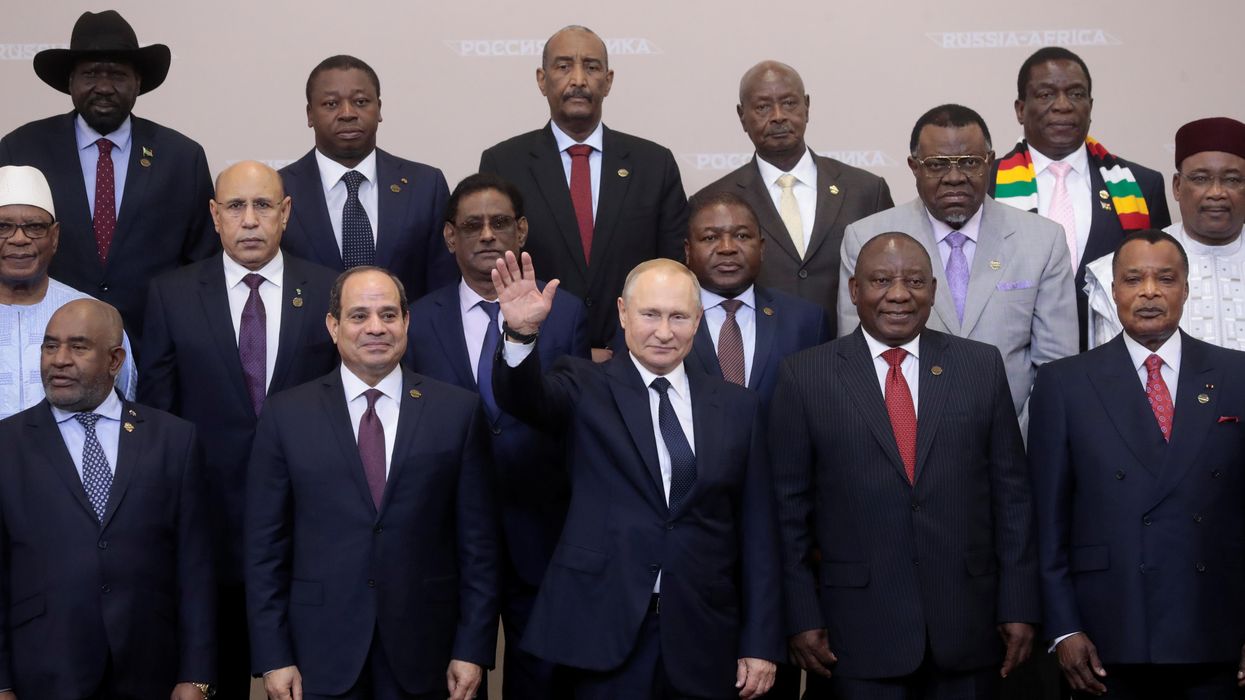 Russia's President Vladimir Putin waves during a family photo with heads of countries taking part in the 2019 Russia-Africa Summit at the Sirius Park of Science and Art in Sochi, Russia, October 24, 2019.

...

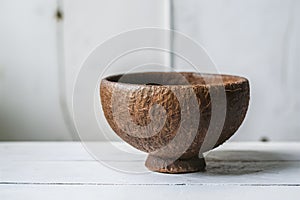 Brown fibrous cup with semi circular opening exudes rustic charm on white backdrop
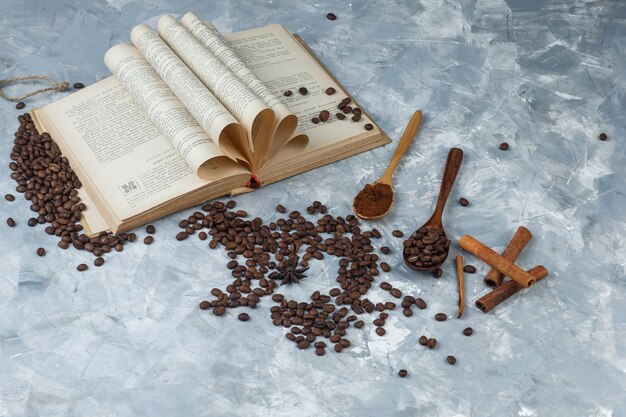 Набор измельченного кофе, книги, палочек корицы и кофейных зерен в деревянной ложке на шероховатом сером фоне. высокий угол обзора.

--

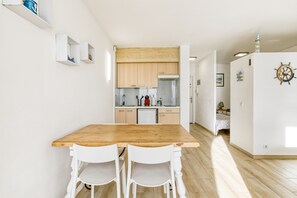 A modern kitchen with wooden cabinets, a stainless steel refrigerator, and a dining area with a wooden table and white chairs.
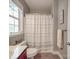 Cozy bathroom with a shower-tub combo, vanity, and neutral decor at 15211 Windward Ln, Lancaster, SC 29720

=== WHAT TO DO ===
Write back the stretch of lines above that begins with the line holding "A modern kitchen" and ends with the line holding "Cozy bathroom with", both included, exactly as written. Pictures stay out.

=== WRITTEN ANSWER ===
 A modern kitchen with wooden cabinets, a stainless steel refrigerator, and a dining area with a wooden table and white chairs.
 Cozy bathroom with a shower-tub combo, vanity, and neutral decor at 15211 Windward Ln, Lancaster, SC 29720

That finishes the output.